If you don’t know Will Wright, he’s the visionary standard-bearer for "sandbox" games – instead of exotic mazes with pre-packaged surprises, these are free-running simulations, where fun emerges from how players use the systems to accomplish goals they create for themselves – hence the industry buzzword, “emergent gameplay.” So in Sim City, for example, you’re free to make your city an idyllic Bedford Falls, or a sleazy, jazzy Pottersville, or a smoking crater. Plenty of fun either way!

In Spore you have whole alien species to play with. You design it, then guide it as it scratches its way up the evolutionary ladder, from micro-organism to animal life to tribal society, to global empire to space faring galactic civilization – as all species must! With each step, the scale of the game jumps an order of magnitude, like in the old Powers of Ten short, which was one of the game's inspirations.

The Creature Creator by itself is already a fantastic achievement in UI design – it’s ridiculously easy to create a vertebrate organism, configuring the spine then choosing from a huge library of arms, legs, sensory organs, skin, body ornamentation, everything positioned, scaled, rotated. It's a powerful 3D design program broken into sweet, manageable toylike chunks, and makes the least of us feel like a Pixar animator. The engine's flexibility seems endless.

Spore then looks at your alien’s anatomy and calculates how it walks, speaks, dances, and fights. It generates ability scores, and these presage something of the future strategic landscape, as interstellar diplomats or hegemonizing military horde.

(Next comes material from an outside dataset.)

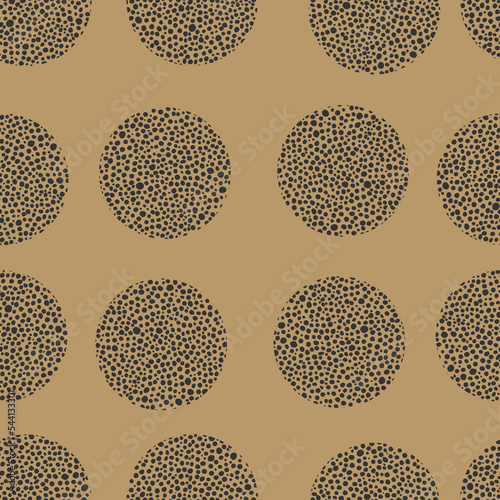 Animal print skin abstract vector hand-drawn seamles patterns with circles for textile design, paper, fabrics, digital, craft and ither design purposes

But that's not all – once you’ve got your alien, it gets uploaded to a communal server, and is downloaded to populate other players' universes. Spore is a “massively single-player” game – the solo experience is embedded in the many tentacles of a fully -featured social networking service., letting you tag and sift and comment other players’ creations. The Creature Creator is being released early as a free download, so that the "Sporepedia" will already be seeded with user-made content when the game launches (I assume there is some mechanism for filtering out the inevitable flood of aliens that look like penises and/or the cast of Family Guy).

As a science fiction fan, I like Spore’s classic, friendly space-opera vision of the galaxy: It's a place where aliens of every shape can evolve, develop space flight, and cruise around to weird planets, messing with less-evolved creatures, and trading and fighting with other aliens. I feel in my bones that this is the way life in the galaxy should be, and now we're going to live it.

A few caveats. Powerful as the editor is, the aliens it makes inevitably bear a family resemblance to one another. Morph them how you will, share a rounded, fleshy feel that makes them look like they're made of many-colored putty. They move with the same stagy, cutesy toddler-like motions, so despite the fabulous variety in shape, it's hard to make something that feels truly alien or dangerous. Walking around the room, one parameterized alien starts to look like another, and I'm left feeling that the possibility-space of alien life is only partly explored.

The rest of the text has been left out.